● **PROBLEM DETAILS**
Look for the line with "Carte Postale Findeln, Zermatt, Suisse"; please transcribe it and every later line in the entries exactly, up to the end, leaving pictures out.

● **RECORDS SHOWN**
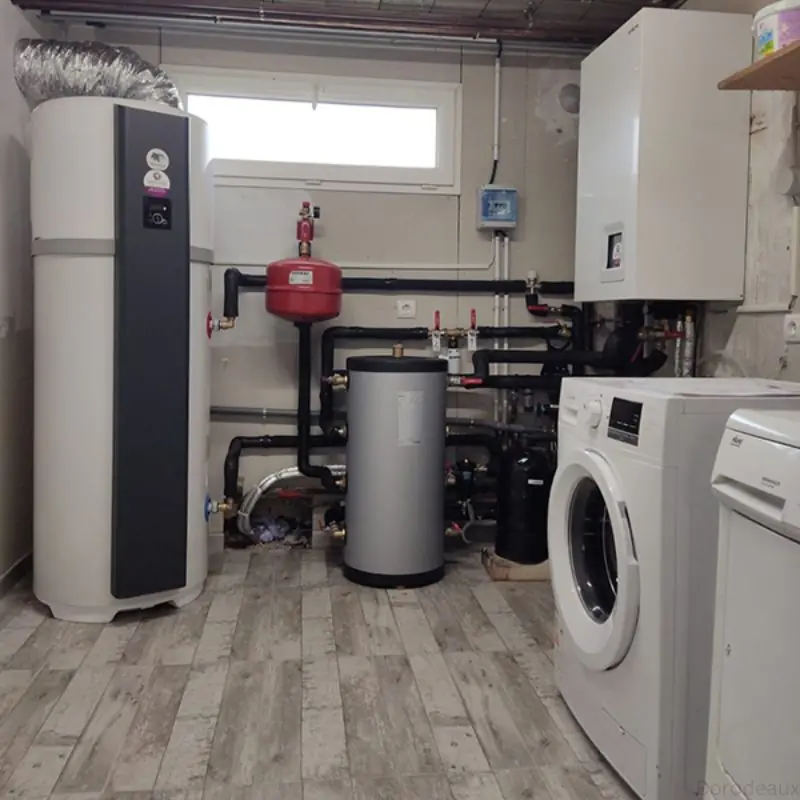 Schéma de fonctionnement d'un chauffe-eau thermodynamique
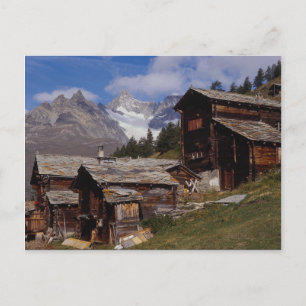 Carte Postale Findeln, Zermatt, Suisse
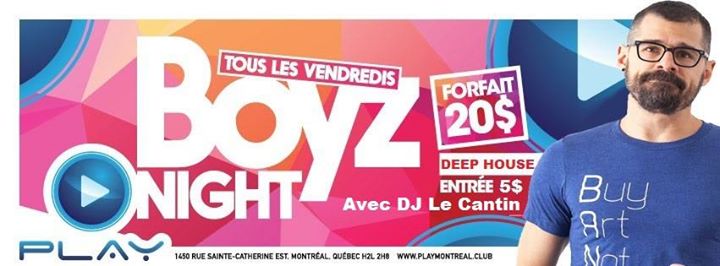 Play Vendredi : DJ Le Cantin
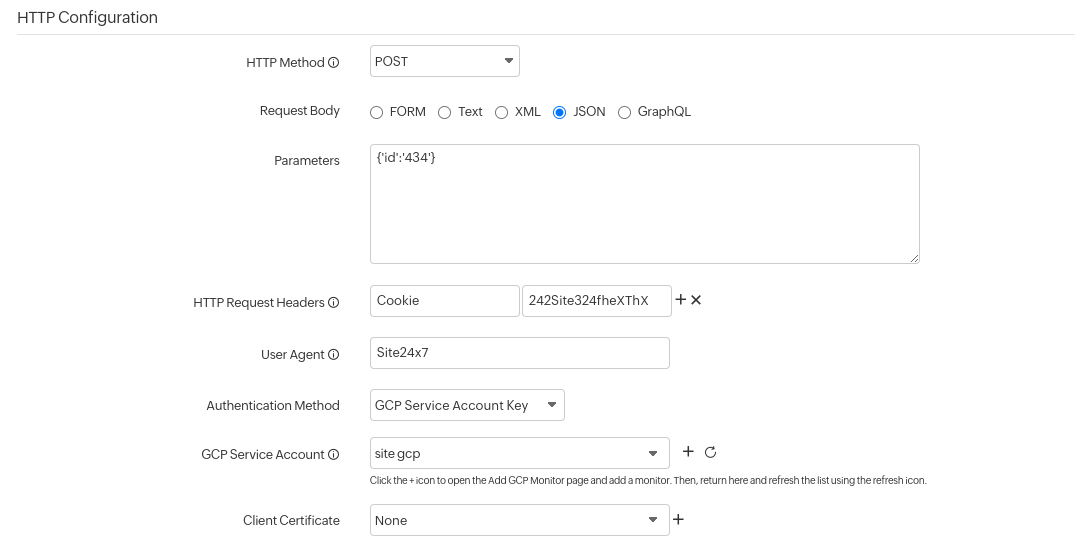 HTTP Configuration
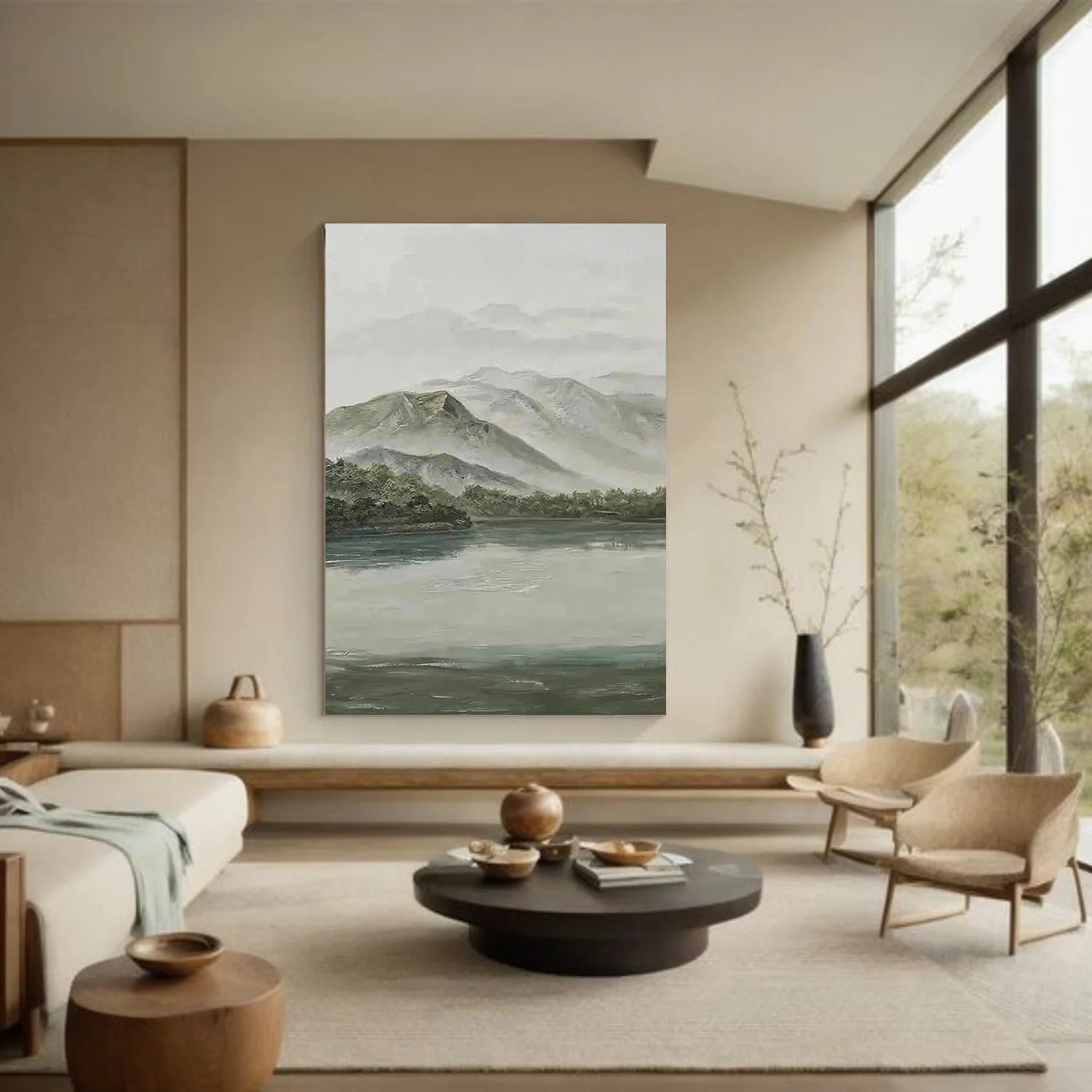 Minimalist Mountain Canvas Art #MM392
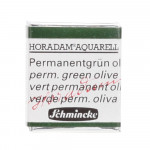 Peinture aquarelle Horadam demi-godet extra-fine - 534 - Vert permanent olive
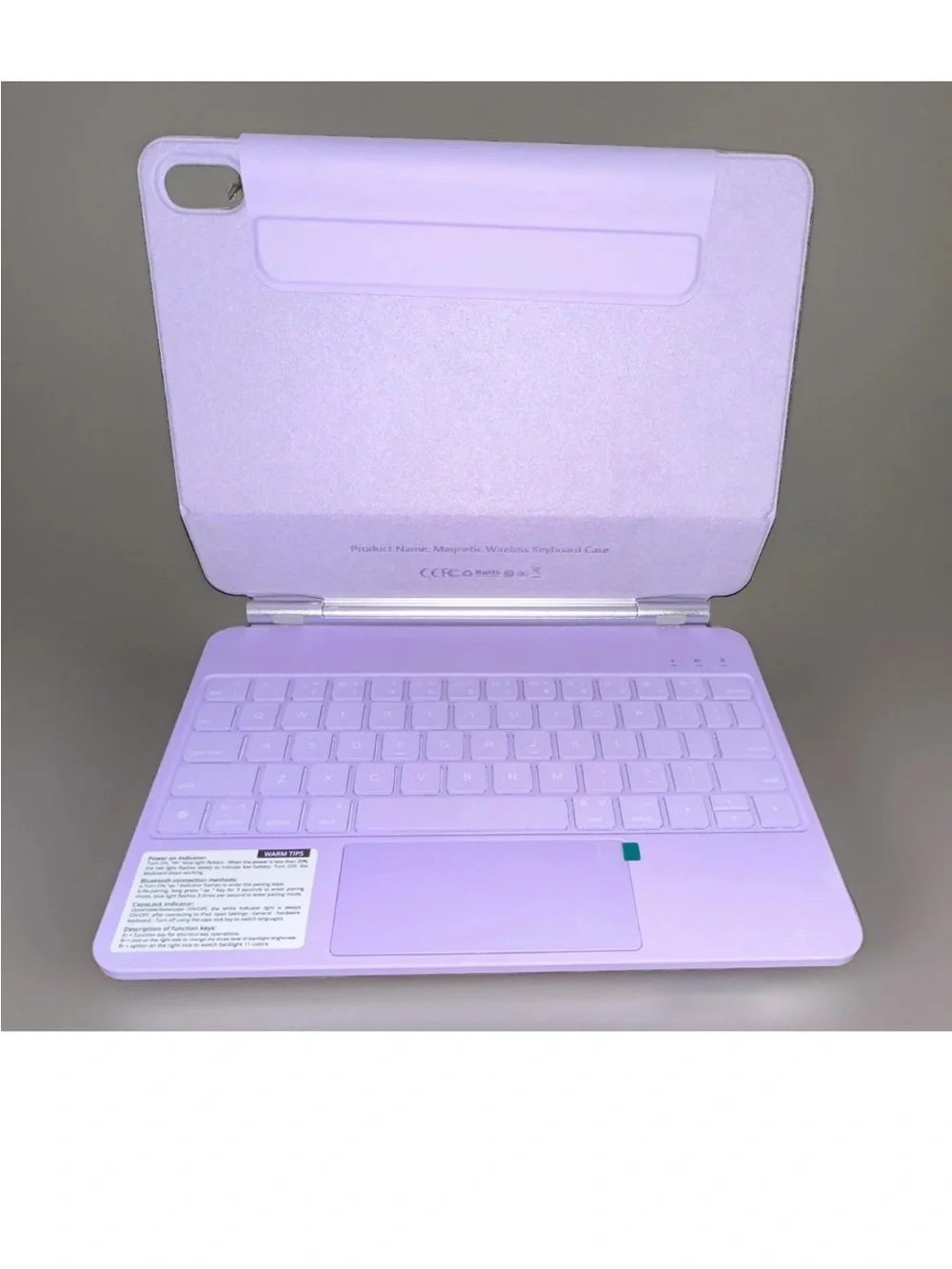 RAYMCRAFT iPad 10th Gen 10.9” iPad A16 11th 11” Bluetooth Touchpad Case Purple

● **FINAL ANSWER**
 Carte Postale Findeln, Zermatt, Suisse
 Play Vendredi : DJ Le Cantin
 HTTP Configuration
 Minimalist Mountain Canvas Art #MM392
 Peinture aquarelle Horadam demi-godet extra-fine - 534 - Vert permanent olive
 RAYMCRAFT iPad 10th Gen 10.9” iPad A16 11th 11” Bluetooth Touchpad Case Purple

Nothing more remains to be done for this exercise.